# State of the art NER using Flair Sequence Tagger
See SoTA Experimental setups: https://github.com/flairNLP/flair/blob/master/resources/docs/EXPERIMENTS.md

In [1]:
import os
from itertools import groupby
import itertools
import random
import numpy as np
import math
import json

In [2]:
import flair, torch
flair.device = torch.device('cuda:0')

In [3]:
from flair.data import Corpus
from flair.datasets import CONLL_03
from flair.embeddings import TokenEmbeddings, WordEmbeddings, StackedEmbeddings, PooledFlairEmbeddings
from typing import List
from flair.models import SequenceTagger

from flair.trainers import ModelTrainer
from datetime import datetime

### Data Preparation
1. Join train, dev, test into single dataset for k-fold cross-validation
2. Create splits with given sizes

For each partition of data with `k` samples, we split the dataset into three sets with the following distribution: `80/10/10` for the train, dev, and test set, respectively. Therefore, for each `k` there will be varying sizes of all three sets of data, however this makes more intuitive sense than only partitioning the test set and keeping the dev and test sets the same size as if they were at `k_n`.
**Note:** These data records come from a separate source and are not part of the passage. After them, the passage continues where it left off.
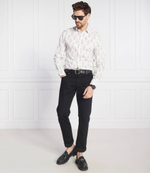 рубашка Karl Lagerfeld - белый(605003 524622)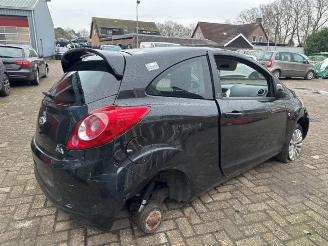 Ford Ka Ka II, Hatchback, 2008 / 2016 1.2 picture 6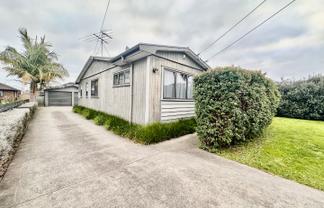 21 Kelvin Road, Papakura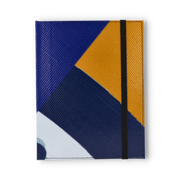 Oliver Notebook
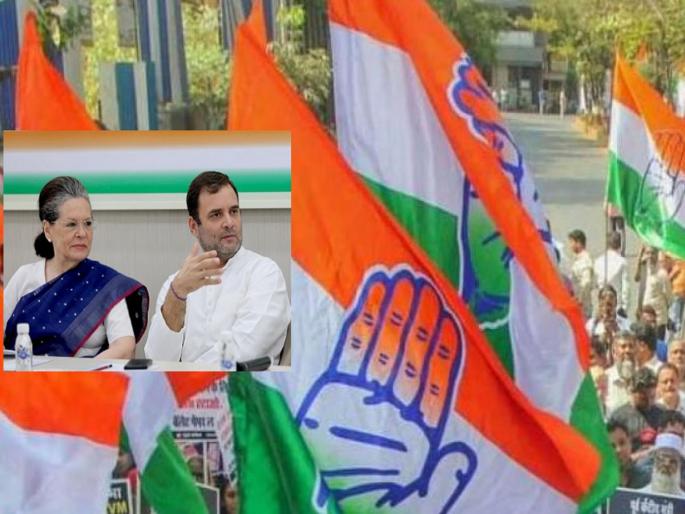 Congress: Rift between Chief Minister and senior minister, Congress government in crisis in Chhattisgarh ? | Congress: मुख्यमंत्री आणि ज्येष्ठ मंत्र्यांमध्ये तीव्र मतभेद, या राज्यात काँग्रेस सरकार संकटात? Congress: Rift between Chief Minister and senior minister, Congress government in crisis in Chhattisgarh ? | Congress: मुख्यमंत्री आणि ज्येष्ठ मंत्र्यांमध्ये तीव्र मतभेद, या राज्यात काँग्रेस सरकार संकटात?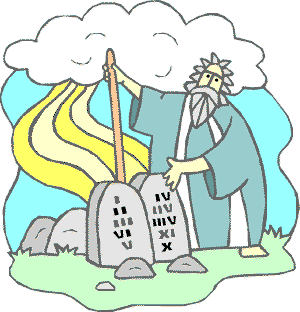 10-commandments-moses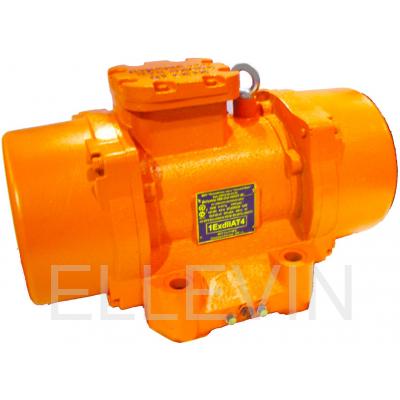 КРАСНЫЙ МАЯК ИВ-23-16 площадочный вибратор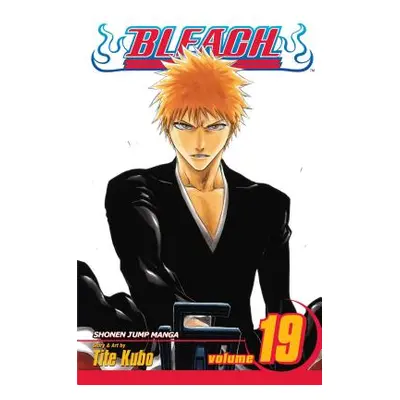 "Bleach, Vol. 19: Volume 19" - "" ("Kubo Tite")(Paperback)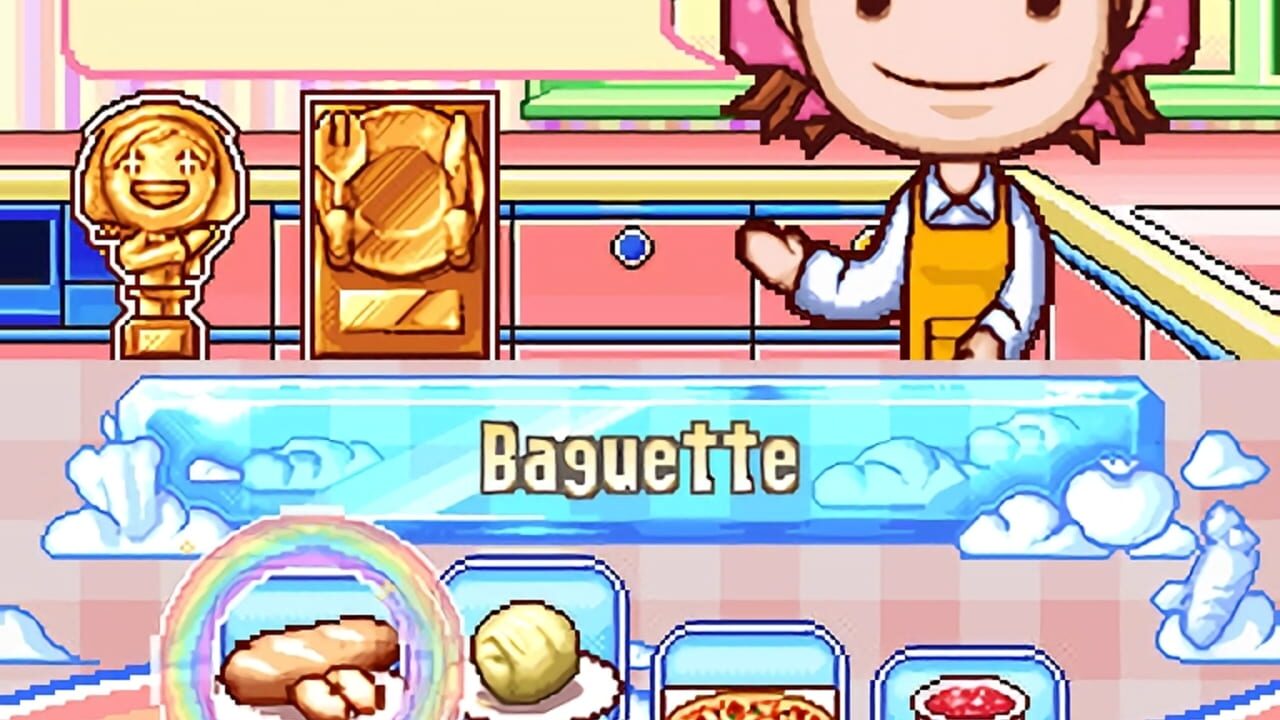 Cooking Mama 2: Dinner With Friends Image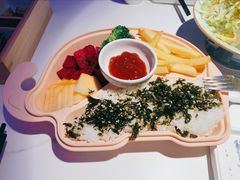 -马邦子·紫苏烤鱼(恒隆广场店)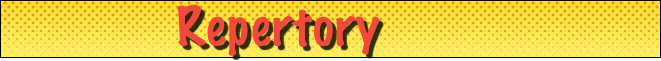 Repertory　　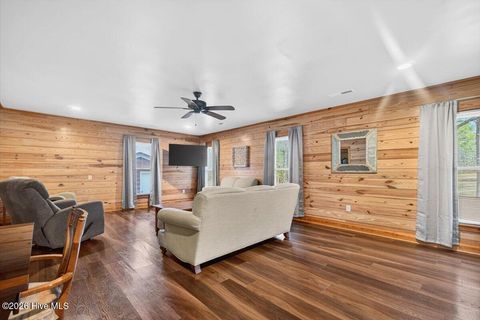 Tiny photo for 765 George II Highway SE, Winnabow, NC 28479 (MLS # 100551580)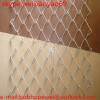 high quality chain link fence( pvc coated and galvanized)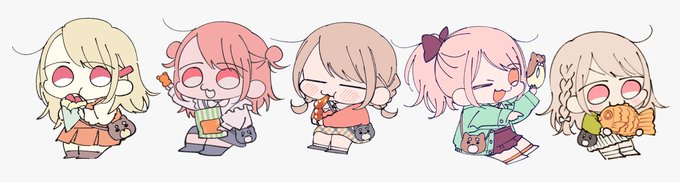 ちまいver. 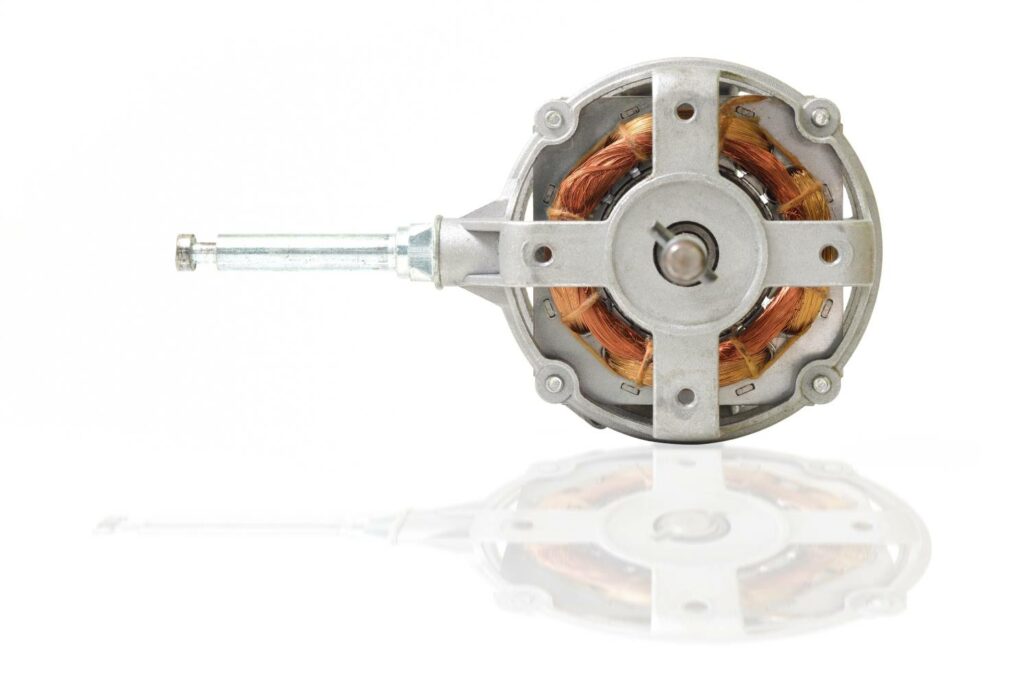 Fan Motor
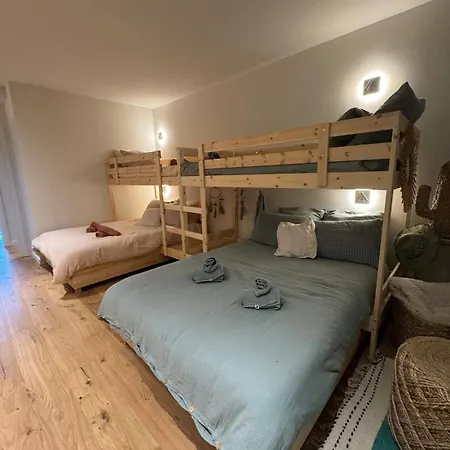 Bohemian With Heated Pool Near Villa Lecci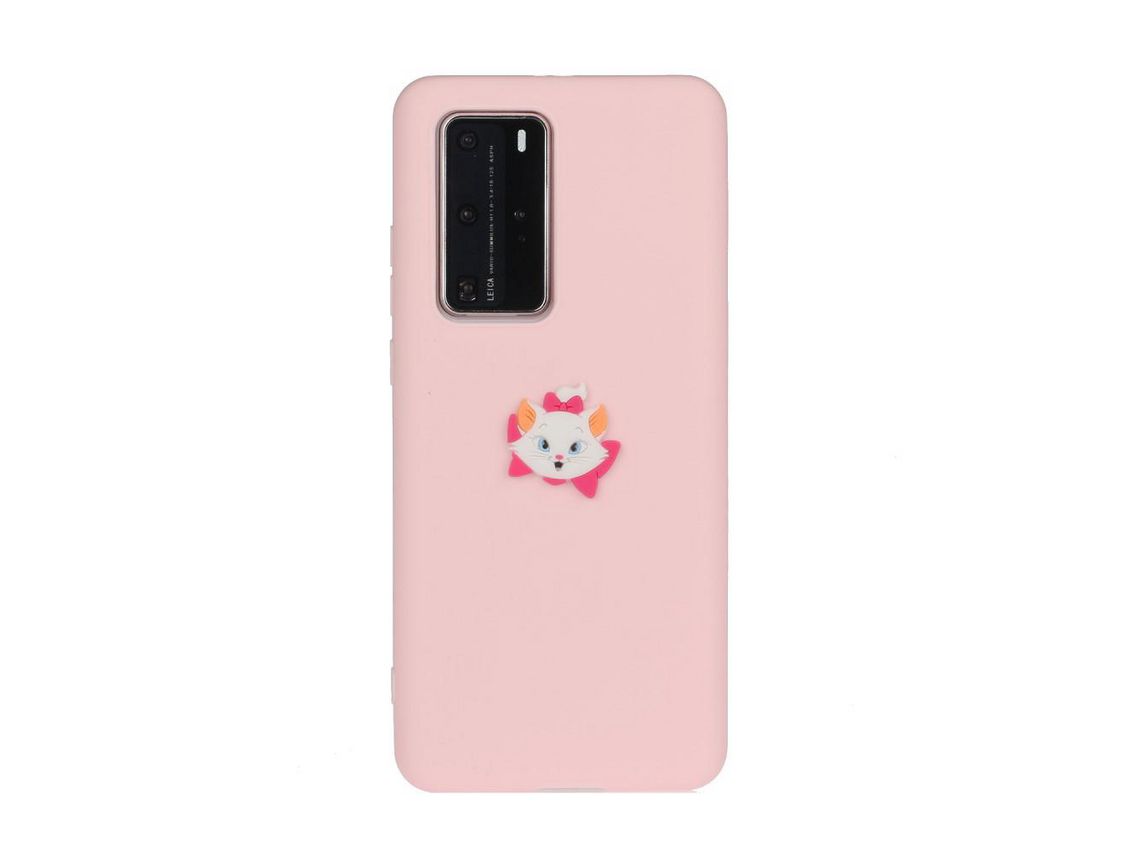 Capa para Huawei P40 Pro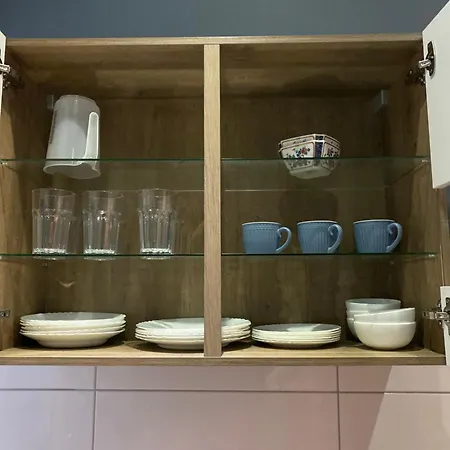 Appartement Birmingham *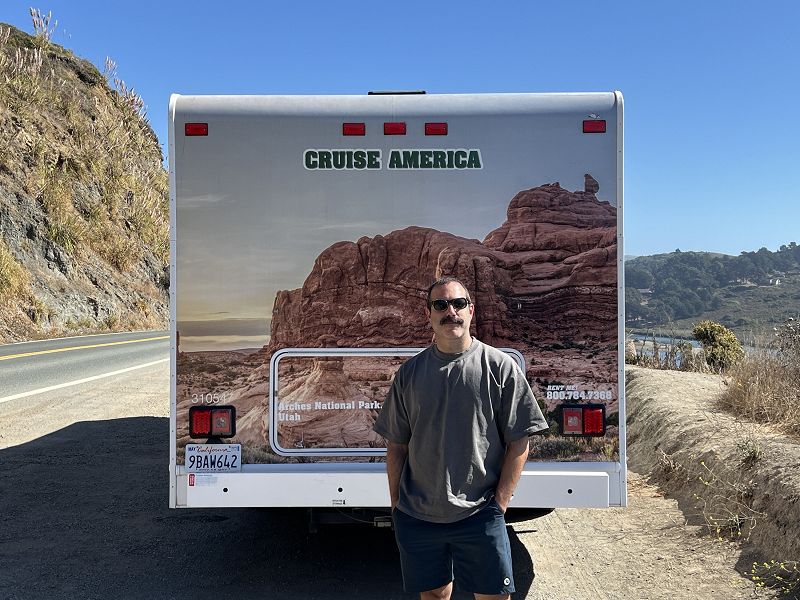 DARK ENTRIES w/ Josh Cheon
`DOCTSTART` has been removed from these documents as it's not required for model learning

In [4]:
def run_seqtag_model(train_split: float, dev_split: float = 1.0, train_w_dev: bool = False, max_epochs: int = 50, runs: int = 5):
    
    for run in range(1, runs+1,1):
        
        # run save path is used to save run data and results
        run_save_path = os.getcwd() + f'/runs/{str(int(train_split*100))}/{run}/'
        
        
        # Prepare data and write to disk
        data_path = os.getcwd() + '/resources/tasks/conll_03/full data/'

        # Name: Number of documents
        # Sample counts DO NOT include DOCSTARTs 
        splits = {'train': {'len': 14041, 'samples': []}, 'dev': {'len': 3250, 'samples': []}, 'test': {'len': 3453, 'samples': []}}
        
        all_data = []
        for split_name in splits:
            print(f'Processing: {split_name}')

            with open(data_path + split_name + '.txt', 'r') as fr:
                lines = fr.readlines()
            
            # Remove doc separator
            # TODO: make more abstract, DOCSTART in CONLL2003 specific
            lines = [line for line in lines if '-DOCSTART-' not in line]
            
            # Groups documents based on position of new line separators (lines with no tokens)
            docs = [list(group) for k, group in groupby(lines, lambda x: len(x) == 1) if not k]
            
            print(f'Dataset size (docs): {len(docs)}')

            all_data.append(docs)

        # Currently using oversized dev/test sets relative to small sample sizes at the beginning of training splits (e.g. 3k for test/dev and %*train_len)
        all_data = np.array(list(itertools.chain(*all_data)))
        dataset_size = len(all_data)
        all_indices = set(np.arange(dataset_size))

        for split_name in splits:
            if split_name == 'test':
                # Use entire 3k of test samples
                sampled_indices = np.array(random.sample(list(all_indices), k=splits[split_name]['len']))

            if split_name == 'dev':
                # Split dev set with the same proportion of it's original dataset ~24% of the training split
                sampled_indices = np.array(random.sample(list(all_indices), k=math.ceil(splits[split_name]['len']*dev_split)))

            if split_name == 'train':
                sampled_indices = np.array(random.sample(list(all_indices), k=math.ceil(splits[split_name]['len']*train_split)))
            splits[split_name]['samples'] = sampled_indices
            # Remove sampled indices from dataset
            all_indices = np.setdiff1d(list(all_indices), sampled_indices)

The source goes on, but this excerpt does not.